Here are three bold predictions for David Lee in the 2013-14 season:
Lee will become a defensive stopper.
NBA analyst Kirk Goldsberry pointed out Lee’s disappointing interior defense ratings at the Sloan Sports Conference. Goldsberry researched and noted that opponents score 61 percent of the time when Lee is defending the paint.
In his response to Goldsberry, Lee seemed to brush it off, but he and Warriors fans would like to see improvement on the defensive side of the ball. He has claimed that he will polish he defense in the offseason, so it seems that Goldsberry’s words did get to him.
If anybody is a man of his words, he is David Lee. His defensive numbers will increase drastically. This past season, he averaged a measly 0.3 blocks per game. Do not be surprise if there’s a spike in that category.
David Lee will average less than 10 rebounds
Playing alongside a healthy Andrew Bogut may give Lee more competition for loose balls. Both players are always seeking to clean glass, which is a reason why the Warriors ranked third in the league in rebounding.
Also, Harrison Barnes can be in the mix for rebounds. Barnes’ pursuit toward missed shots is quicker than both Bogut and Lee. Going against a 7’0 center and an athletic forward can cut down Lee’s numbers on the boards.

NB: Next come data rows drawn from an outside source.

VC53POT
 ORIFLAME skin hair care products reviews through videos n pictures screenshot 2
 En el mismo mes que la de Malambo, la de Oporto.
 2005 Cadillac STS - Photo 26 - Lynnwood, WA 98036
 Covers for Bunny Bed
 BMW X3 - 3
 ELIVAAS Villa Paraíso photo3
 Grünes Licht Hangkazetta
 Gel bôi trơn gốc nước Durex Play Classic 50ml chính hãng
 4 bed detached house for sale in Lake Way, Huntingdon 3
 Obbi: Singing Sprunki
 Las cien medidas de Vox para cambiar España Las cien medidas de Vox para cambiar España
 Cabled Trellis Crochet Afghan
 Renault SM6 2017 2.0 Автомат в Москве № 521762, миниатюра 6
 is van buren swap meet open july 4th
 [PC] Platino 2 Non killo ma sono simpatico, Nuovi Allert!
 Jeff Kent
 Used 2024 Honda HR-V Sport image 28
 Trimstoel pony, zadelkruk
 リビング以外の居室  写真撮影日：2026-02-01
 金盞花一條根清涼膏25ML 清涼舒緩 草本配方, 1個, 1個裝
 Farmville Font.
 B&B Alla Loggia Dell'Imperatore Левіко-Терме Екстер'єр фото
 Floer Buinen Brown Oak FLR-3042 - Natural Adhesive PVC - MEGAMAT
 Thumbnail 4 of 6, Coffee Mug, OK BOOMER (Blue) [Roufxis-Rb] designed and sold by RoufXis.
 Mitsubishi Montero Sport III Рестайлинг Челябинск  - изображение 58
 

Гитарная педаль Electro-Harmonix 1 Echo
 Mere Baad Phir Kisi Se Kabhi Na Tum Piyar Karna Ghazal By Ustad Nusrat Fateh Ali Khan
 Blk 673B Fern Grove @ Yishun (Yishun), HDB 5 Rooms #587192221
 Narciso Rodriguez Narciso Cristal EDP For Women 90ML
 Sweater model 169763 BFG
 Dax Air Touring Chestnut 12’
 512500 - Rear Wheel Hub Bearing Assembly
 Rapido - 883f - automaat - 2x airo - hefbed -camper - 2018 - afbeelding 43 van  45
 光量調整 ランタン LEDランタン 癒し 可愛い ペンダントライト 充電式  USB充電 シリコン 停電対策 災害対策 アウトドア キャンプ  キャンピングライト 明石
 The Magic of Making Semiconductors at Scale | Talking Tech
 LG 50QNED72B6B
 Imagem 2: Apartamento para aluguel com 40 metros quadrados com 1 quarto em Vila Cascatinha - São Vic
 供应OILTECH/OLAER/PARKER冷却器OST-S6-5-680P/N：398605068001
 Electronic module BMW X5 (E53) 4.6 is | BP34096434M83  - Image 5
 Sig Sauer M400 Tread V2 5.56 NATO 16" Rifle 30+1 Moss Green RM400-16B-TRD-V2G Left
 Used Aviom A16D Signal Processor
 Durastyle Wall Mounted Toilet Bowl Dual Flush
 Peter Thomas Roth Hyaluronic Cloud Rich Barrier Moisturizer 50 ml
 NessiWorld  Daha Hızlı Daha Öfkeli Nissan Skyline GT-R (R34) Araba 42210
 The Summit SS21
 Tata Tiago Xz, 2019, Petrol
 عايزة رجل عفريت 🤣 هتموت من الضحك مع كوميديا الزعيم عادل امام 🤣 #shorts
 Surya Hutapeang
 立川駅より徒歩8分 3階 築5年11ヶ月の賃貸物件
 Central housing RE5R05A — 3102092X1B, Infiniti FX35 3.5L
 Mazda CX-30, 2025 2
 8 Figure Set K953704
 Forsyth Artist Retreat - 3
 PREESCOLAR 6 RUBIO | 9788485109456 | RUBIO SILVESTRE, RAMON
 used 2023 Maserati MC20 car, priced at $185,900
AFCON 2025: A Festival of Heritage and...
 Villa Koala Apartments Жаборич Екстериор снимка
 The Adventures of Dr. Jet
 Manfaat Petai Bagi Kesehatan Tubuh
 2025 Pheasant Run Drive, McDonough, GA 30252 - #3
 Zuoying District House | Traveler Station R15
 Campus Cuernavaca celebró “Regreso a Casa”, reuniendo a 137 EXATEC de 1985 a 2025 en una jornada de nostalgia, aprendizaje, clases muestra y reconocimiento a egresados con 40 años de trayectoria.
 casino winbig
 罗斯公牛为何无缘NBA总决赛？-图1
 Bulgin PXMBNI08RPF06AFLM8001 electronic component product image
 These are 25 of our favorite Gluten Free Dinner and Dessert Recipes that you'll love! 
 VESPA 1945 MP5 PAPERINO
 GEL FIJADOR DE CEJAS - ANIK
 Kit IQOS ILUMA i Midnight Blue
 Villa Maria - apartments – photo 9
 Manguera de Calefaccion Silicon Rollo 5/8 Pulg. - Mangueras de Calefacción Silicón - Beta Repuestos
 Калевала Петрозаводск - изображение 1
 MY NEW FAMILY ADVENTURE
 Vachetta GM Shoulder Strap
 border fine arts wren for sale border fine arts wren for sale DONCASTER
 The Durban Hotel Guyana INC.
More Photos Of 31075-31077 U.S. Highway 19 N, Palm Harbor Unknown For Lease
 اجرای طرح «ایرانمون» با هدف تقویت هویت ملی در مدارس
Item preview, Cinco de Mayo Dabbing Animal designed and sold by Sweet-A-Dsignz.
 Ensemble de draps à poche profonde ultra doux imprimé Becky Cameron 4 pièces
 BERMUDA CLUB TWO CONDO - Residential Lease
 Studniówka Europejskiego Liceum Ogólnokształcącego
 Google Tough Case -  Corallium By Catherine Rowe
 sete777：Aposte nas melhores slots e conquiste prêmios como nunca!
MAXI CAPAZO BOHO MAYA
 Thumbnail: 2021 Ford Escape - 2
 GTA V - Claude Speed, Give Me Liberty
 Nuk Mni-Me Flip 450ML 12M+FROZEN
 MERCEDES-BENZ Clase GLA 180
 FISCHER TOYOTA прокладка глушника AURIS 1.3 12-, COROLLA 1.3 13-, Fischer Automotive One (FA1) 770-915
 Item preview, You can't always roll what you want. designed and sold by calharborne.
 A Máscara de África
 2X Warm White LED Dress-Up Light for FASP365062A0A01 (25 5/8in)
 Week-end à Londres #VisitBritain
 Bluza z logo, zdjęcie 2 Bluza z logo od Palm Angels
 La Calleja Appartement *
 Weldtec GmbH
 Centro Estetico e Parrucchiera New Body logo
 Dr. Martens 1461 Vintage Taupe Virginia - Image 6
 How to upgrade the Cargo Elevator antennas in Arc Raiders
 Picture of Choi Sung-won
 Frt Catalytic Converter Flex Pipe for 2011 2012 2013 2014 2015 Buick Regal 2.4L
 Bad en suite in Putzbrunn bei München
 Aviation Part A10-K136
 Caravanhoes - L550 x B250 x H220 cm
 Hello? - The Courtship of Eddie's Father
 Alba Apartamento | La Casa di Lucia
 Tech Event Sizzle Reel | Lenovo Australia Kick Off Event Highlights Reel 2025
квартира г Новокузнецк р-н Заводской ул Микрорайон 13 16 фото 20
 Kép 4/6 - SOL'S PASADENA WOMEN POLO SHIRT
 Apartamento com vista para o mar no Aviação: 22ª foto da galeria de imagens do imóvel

Lee averaging fewer rebounds may not be a bad thing for the Warriors. He is an athletic forward who can run the floor faster than most. His passing ability with his athleticism can be a tool that Warriors can use on fast breaks.
David Lee will become the league’s best Power Forward
Entering his eighth season at the age of 30, Lee is now going into the prime of his career. Players in their prime usually display their career best seasons. Lee has averaged 14.9 points and 9.8 rebounds per game throughout his eight-year career.
Each season he has shown improvement in a different part of his game. Now that his offense has been refined, Lee will post career-highs in points per game and field goal percentage. He is ready to make a statement and take the throne as the league’s best power forward.